Behavior of $f(n)=\sum_{i,jDoes the following sum over positive integers have a name/asymptotic closed form?
$$f(n)=\sum_{i,j<n} \left(\frac{1}{i}-\frac{1}{j}\right)^2$$
In particular I'm wondering if it eventually grows linearly or sublinearly

 A: $$\sum_{i,j<n}\frac1{i^2}-2\sum_{i<n}\frac1{i}\sum_{j<n}\frac1{j}+\sum_{i,j<n}\frac1{j^2}\approx n\left(\dfrac{\pi^2}3-\psi^{(1)}(n+1)\right)-2(\log n+\gamma)^2.$$
The derivative of the digamma function has an $O(n^{-1})$ behavior.

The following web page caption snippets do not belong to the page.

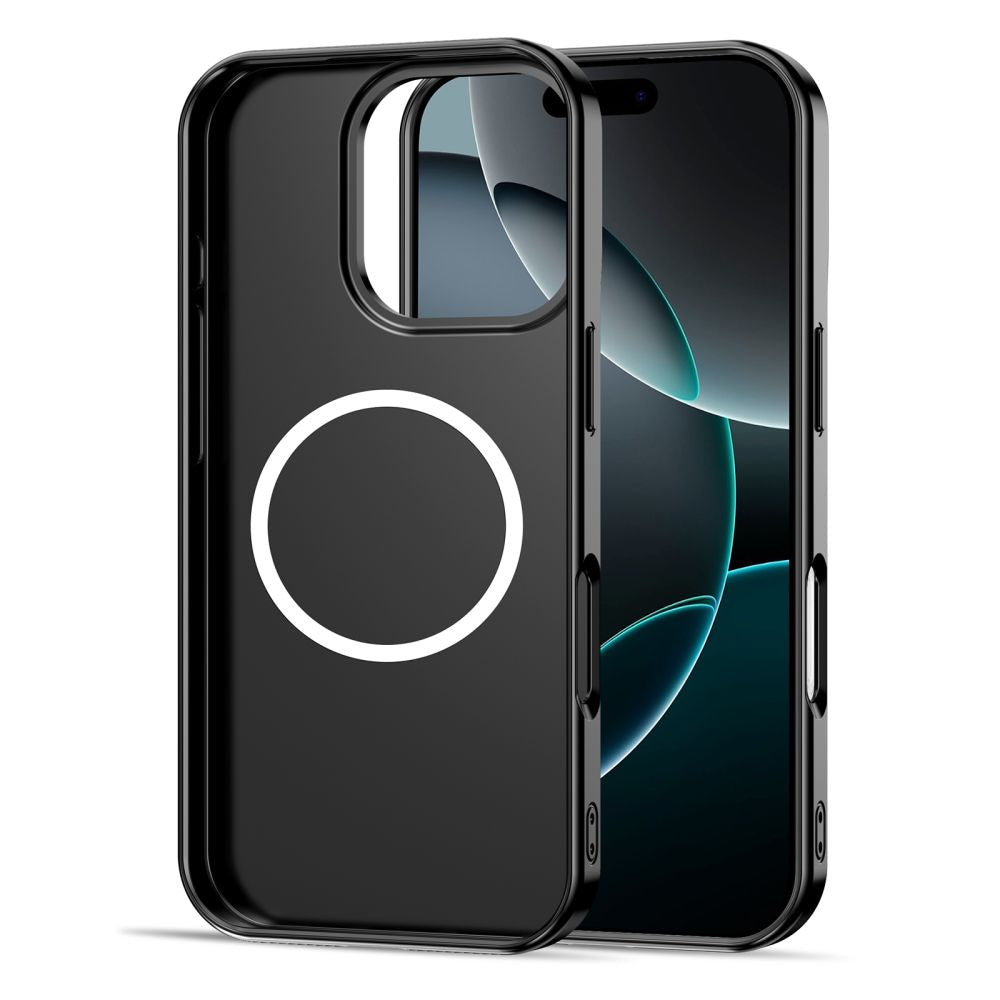 Tech-Protect Lamano MagSafe-hylster til iPhone 16 Pro Max - brunt-lila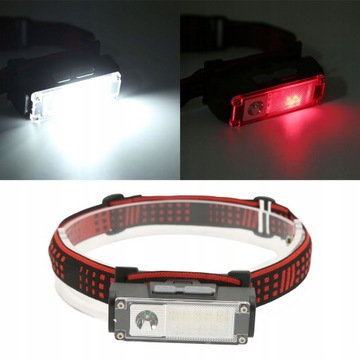 USB-перезаряжаемый налобный фонарь типа C, зарядка
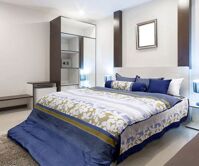 Bộ chăn ga gối Hanvico Blue Sky Cotton T - DL139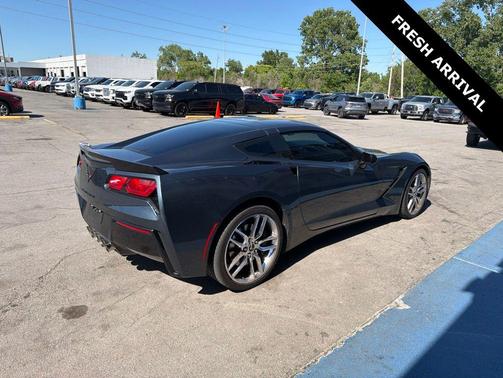 Shadow Gray Metallic 2019 Chevrolet Corvette Stingray Z51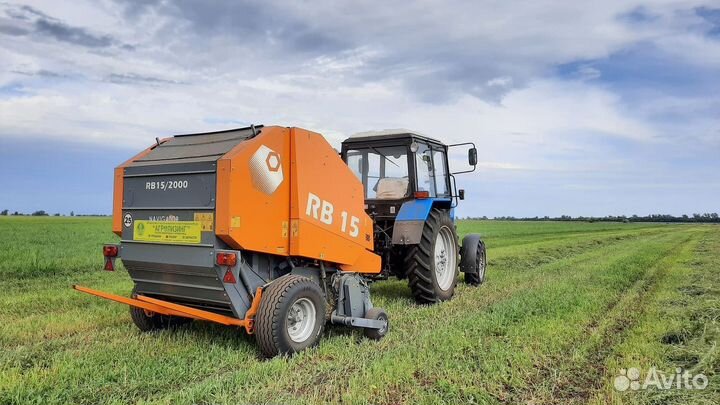Пресс-подборщик Навигатор-НМ RB-15/2000 NW, 2024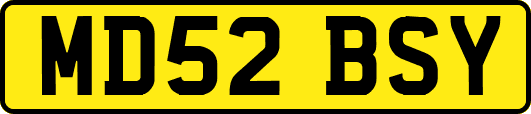 MD52BSY
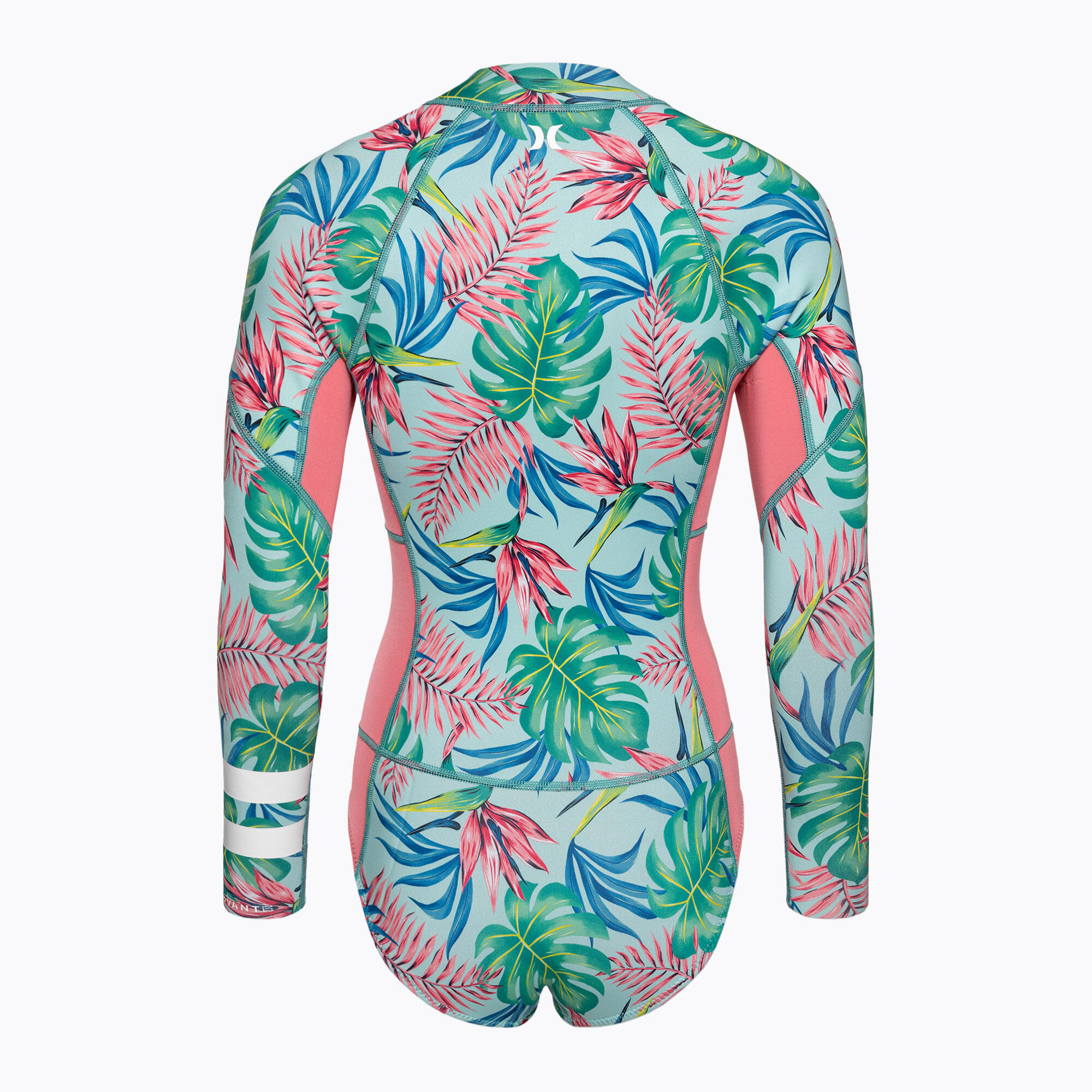 Pianka do pływania damska Hurley Advant 2 mm Springsuit java tropical 2/6
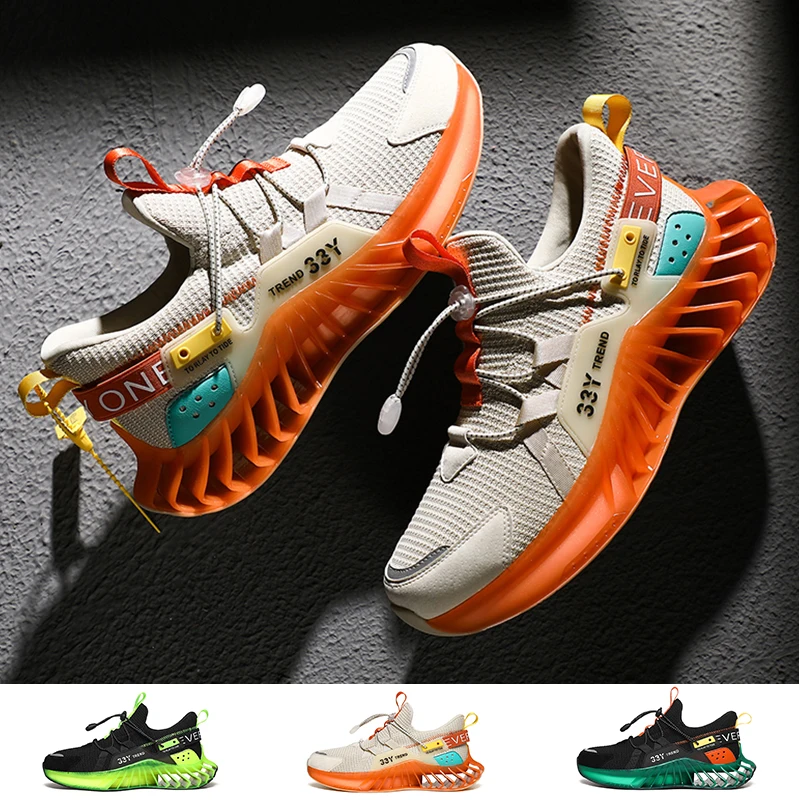 

Shoes for Men 2024 Non Slip Walking Shoes Comfortable for Men Comfortable Athletic Jogging Tennis Shoes Training Footwear Man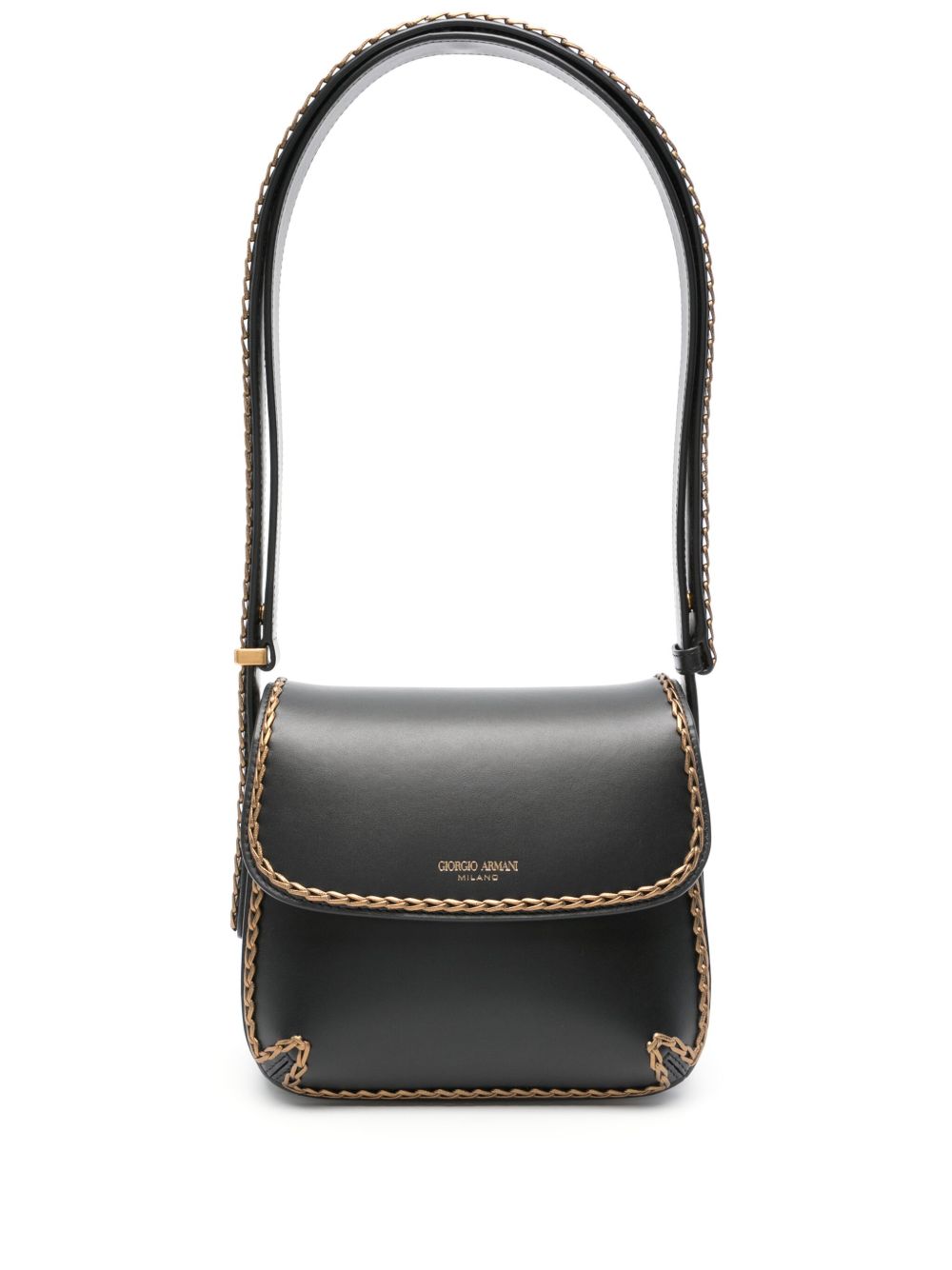 Giorgio Armani La Prima 小号单肩包 - 黑色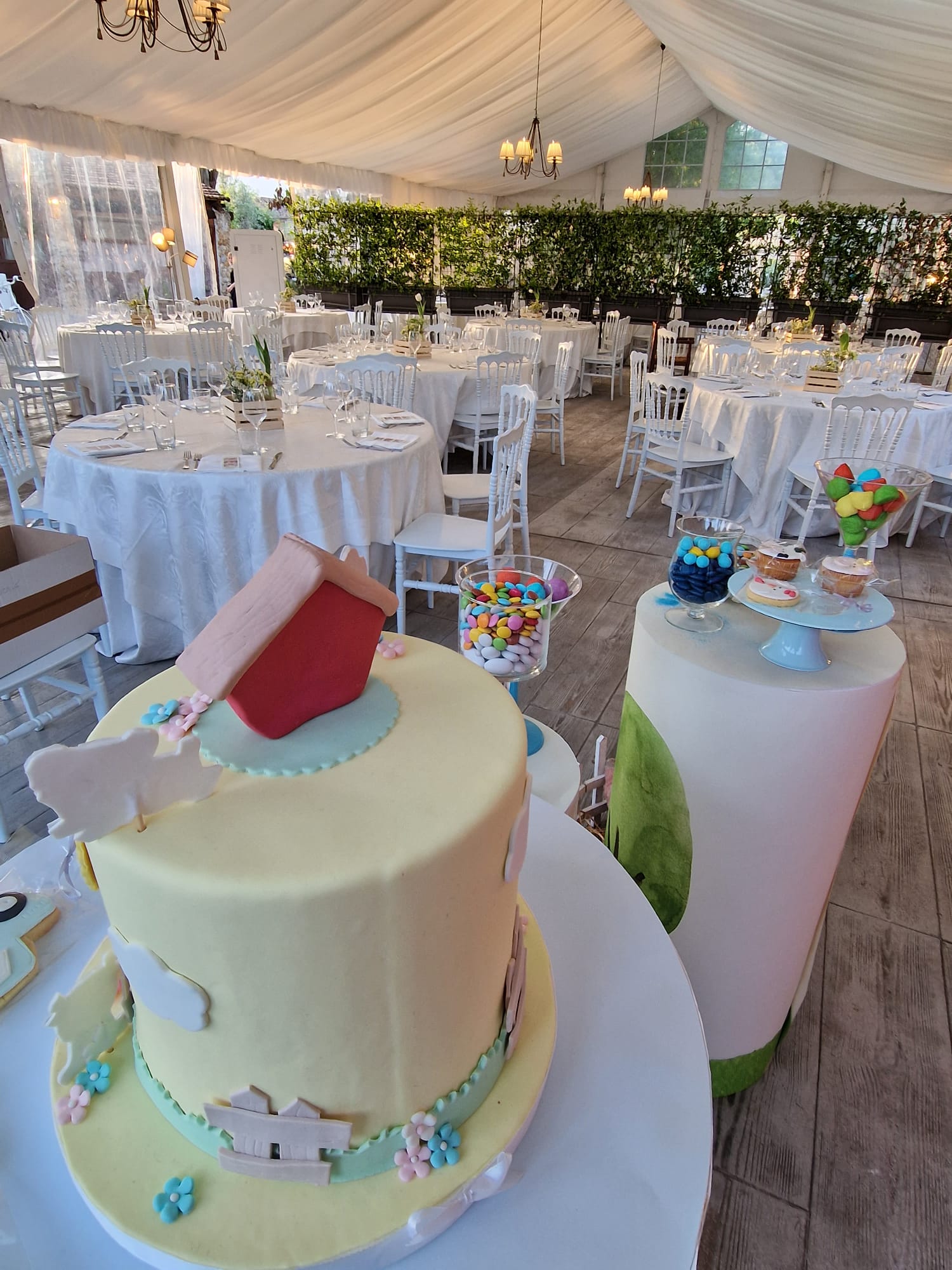 festa di compleanno presso Tenuta Olivia 44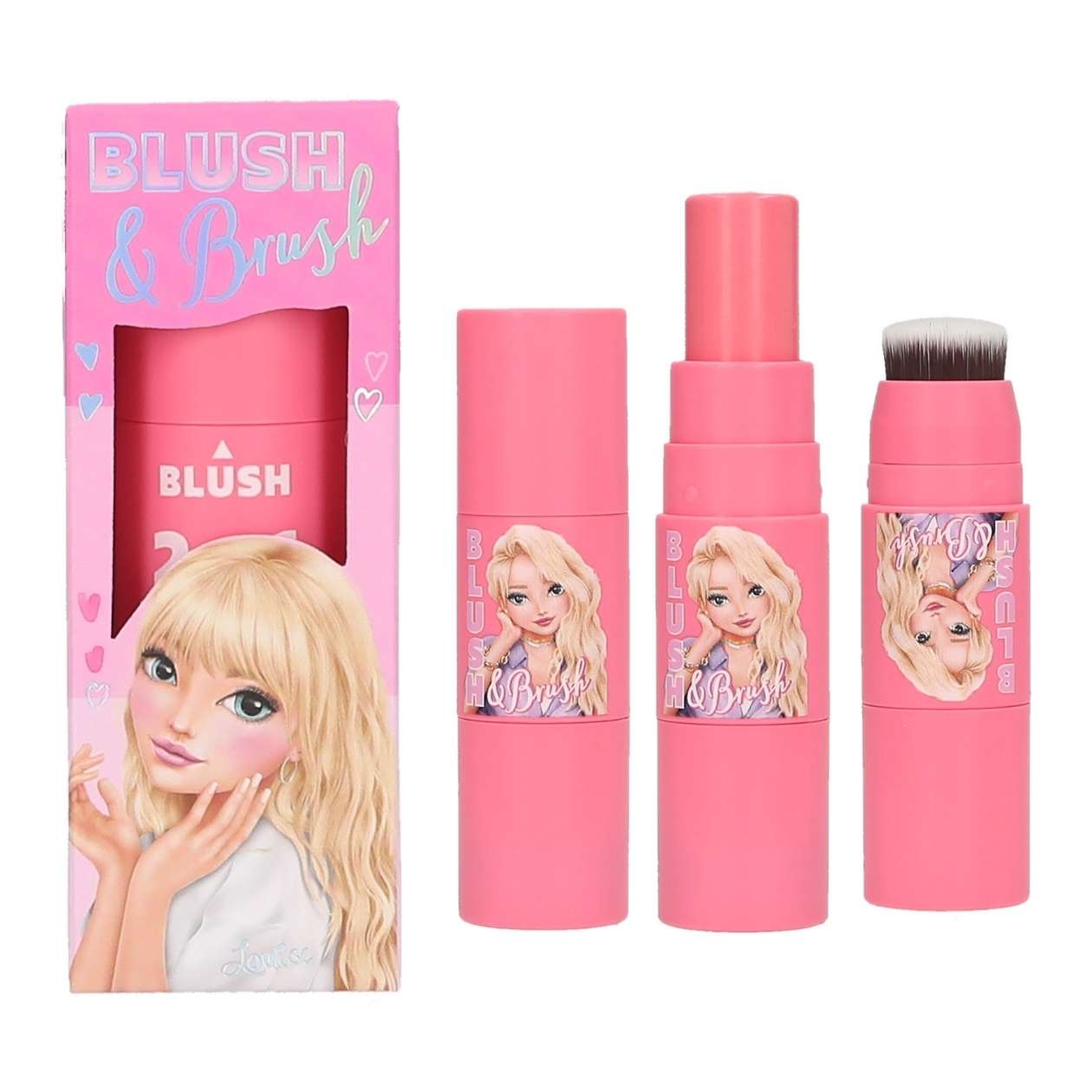 1x TOPModel Blush & Brush Stick Beauty and Me, sortiert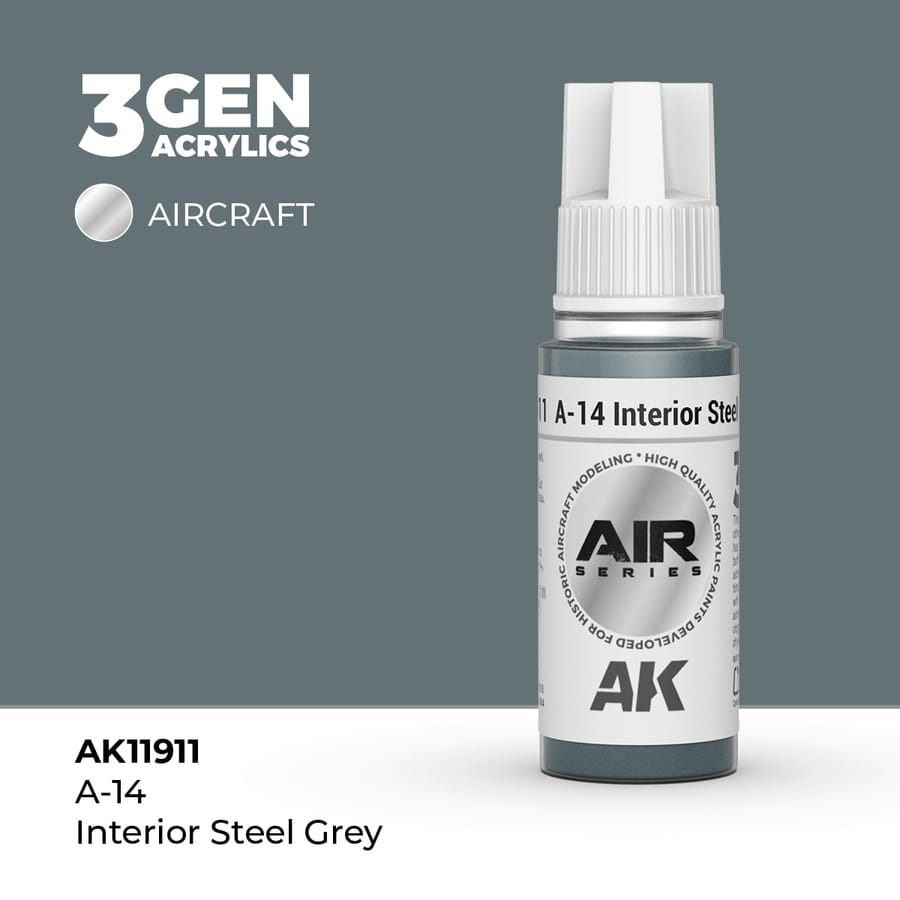 WarForge - A-14 Interior Steel Grey – AIR - Warhammer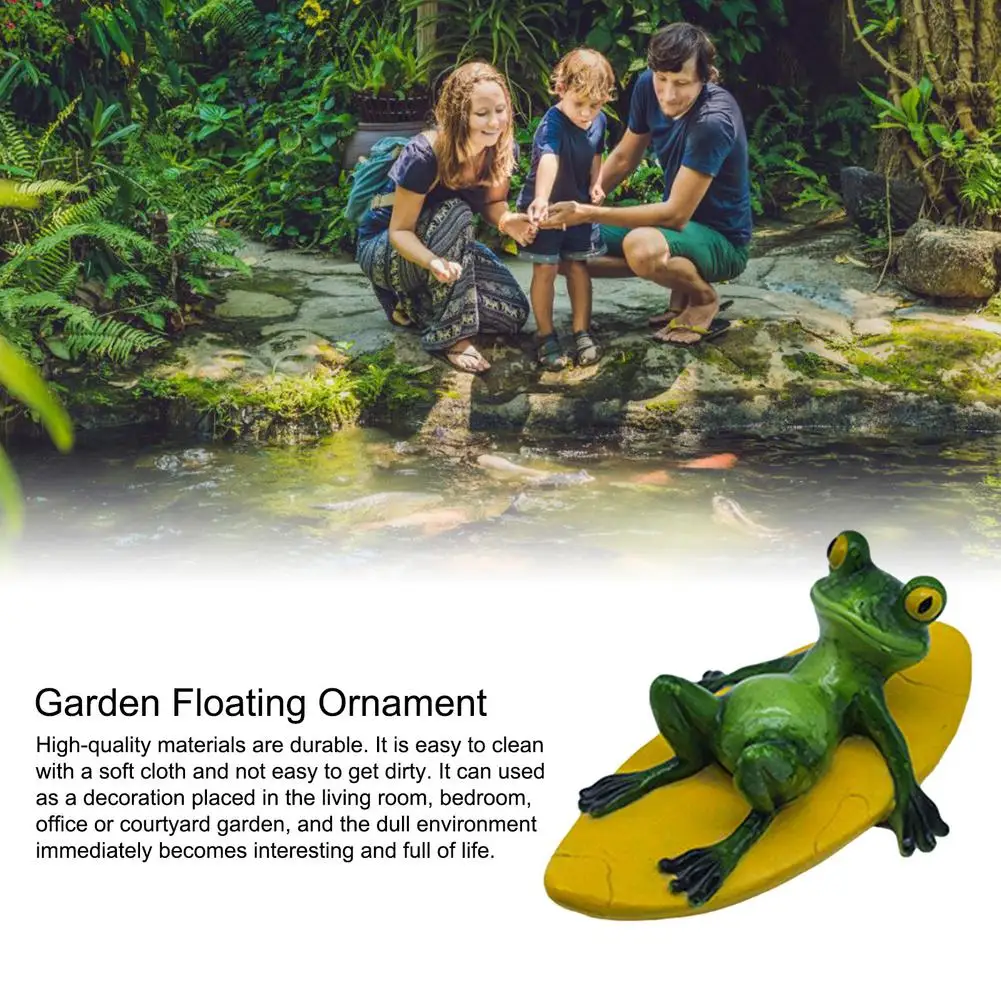 Statue De Grenouilles Flottantes En Résine Créativ... – Grandado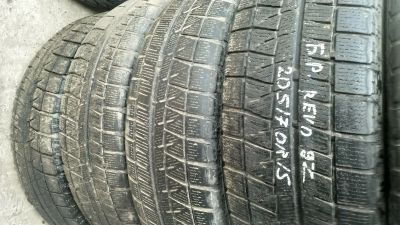 Лот: 16159708. Фото: 1. 205/70 R15 Bridgestone комплект... Шины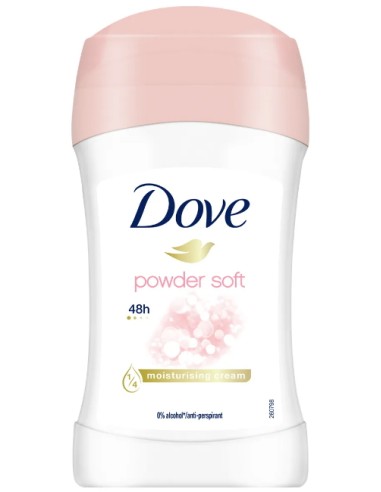 dove deodorante stick 40ml - 48h no alcool - powder soft: tuttocasashop.live: igiene e cura della persona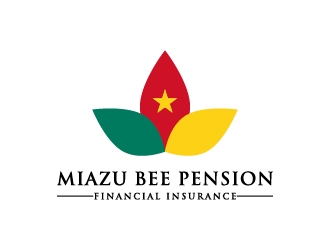 MiaZu Bee Pension logo design by pambudi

A: It's a little easier to discuss the sum if we let $i$ and $j$ go all the way up $n$. We have
$$f(n+1)=\sum_{1\le i,j\le n}\left({1\over i}-{1\over j}\right)^2=2n\sum_{k=1}^n{1\over k}^2-2\left(\sum_{k=1}^n{1\over k} \right)^2=2n\left({\pi^2\over6}-\sum_{k=n+1}^\infty{1\over k^2}\right)-2H_n^2$$
where
$$H_n=\sum_{k=1}^n{1\over k}=\ln n+\gamma+{1\over2n}+O\left(1\over n^2\right)$$
is a familiar estimate for partial sums of the harmonic series and
$$
\begin{align}\sum_{k=n+1}^\infty{1\over k^2}
&=\sum_{k=n+1}^\infty{1\over k(k-1)}-\sum_{k=n+1}^\infty{1\over k}\left({1\over k-1}-{1\over k} \right)\\
&=\sum_{k=n+1}^\infty\left({1\over k-1}-{1\over k} \right)-\sum_{k=n+1}^\infty{1\over k^2(k-1)}\\
&={1\over n}-O\left(1\over n^2\right)
\end{align}$$
It follows that
$$f(n+1)={\pi^2\over3}n-2-2\left(\ln n+\gamma+{1\over n} \right)^2+O\left(1\over n \right)$$
which might be easiest to think of as
$${\pi^2\over3}n-2(\ln n+\gamma)^2-2+o(1)$$
If you like, since $\ln n =\ln(n-1)+O(1/n)$, this converts to
$$f(n)={\pi^2\over3}n-2(\ln n+\gamma)^2-2-{\pi^2\over3}+o(1)$$
A: Use $$f(n)=\sum_i\sum_j (A_i-A_j)^2=2n\sum_k A_k^2-2(\sum_k A_k)^2=2n\sum_k \frac{1}{k^2}-2\left(\sum_k\frac{1}{k}\right)^2$$ $$\implies f(n)\sim \frac{n \pi^2}{3}-2(\ln n+\gamma)^2$$